HypheNN-De: German Hyphenation with Neural Networks

  • Did you consider putting the "center" of the detector somewhere other than in the middle of the vector? what would happen if you had 6 before, and 2 after, or 5 before, and 3 after?

    Another thought I had: for performance reasons, it might be nice to have something more compact than a one-hot vector for each letter. Have you looked at determining sets of characters which have a similar impact on hyphenation, and encoding them together?

    PS: do you have the extracted list of wiktionary hyphenations sitting in a text file somewhere that you could put up?

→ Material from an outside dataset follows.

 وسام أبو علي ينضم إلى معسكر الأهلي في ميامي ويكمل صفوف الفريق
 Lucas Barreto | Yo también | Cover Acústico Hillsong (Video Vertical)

I'm fixin' to quickly compare the accuracy to TeX's German hyphenation (once the 30+GiB TeXLive repository finishes downloading).

    PPS: You could improve the display of code blocks in your site on desktop by adding

        display: block;
        max-width: 710px;
        width: 80%;
        margin-left: auto;
        margin-right: auto;
    
    to your `.post-content pre code` rule. Or maybe slightly indent it by reducing the max width a small amount below that of the body text.

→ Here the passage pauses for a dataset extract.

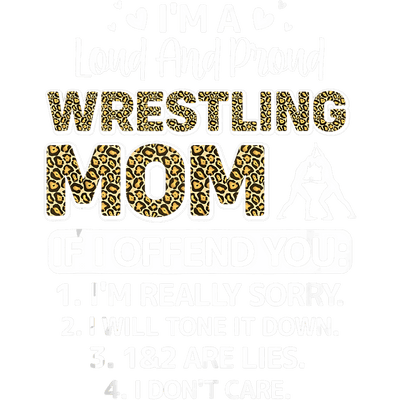Loud and Proud Wrestling Mom Animal Print DTF (direct-to-film) Transfer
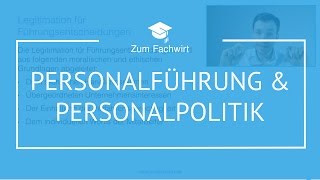 Personalführung amp Personalpolitik Teil 1 quotDemokursquot Fachwirt IHK [upl. by Athalla]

  • If you love spelling and hyphenation, you should star this issue in Chrome(ium):

    https://code.google.com/p/chromium/issues/detail?id=20667

    There are a lots of spelling and hyphenation libraries e.g. for Finnish language, but it is not possible to get them to working in Chrome cause there is no extension capability for it. It's really shame, since these odd languages probably never get support by Chrome team itself.

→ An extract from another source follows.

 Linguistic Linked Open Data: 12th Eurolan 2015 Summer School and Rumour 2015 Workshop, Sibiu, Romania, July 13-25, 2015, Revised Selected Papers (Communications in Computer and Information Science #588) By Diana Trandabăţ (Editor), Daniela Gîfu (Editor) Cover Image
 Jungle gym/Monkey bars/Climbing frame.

  • TeX implements a very good spelling engine that that is driven by patterns [1]. I would expect it very difficult to improve on this and as far as I can see, the article doesn't include a comparison.

    [1]: https://tex.stackexchange.com/questions/262588/how-are-hyphe...

  • This blog inspired me to hunt for some obscure machine learning papers from 80s and 90s that I may replicate and improve. Any idea where to start?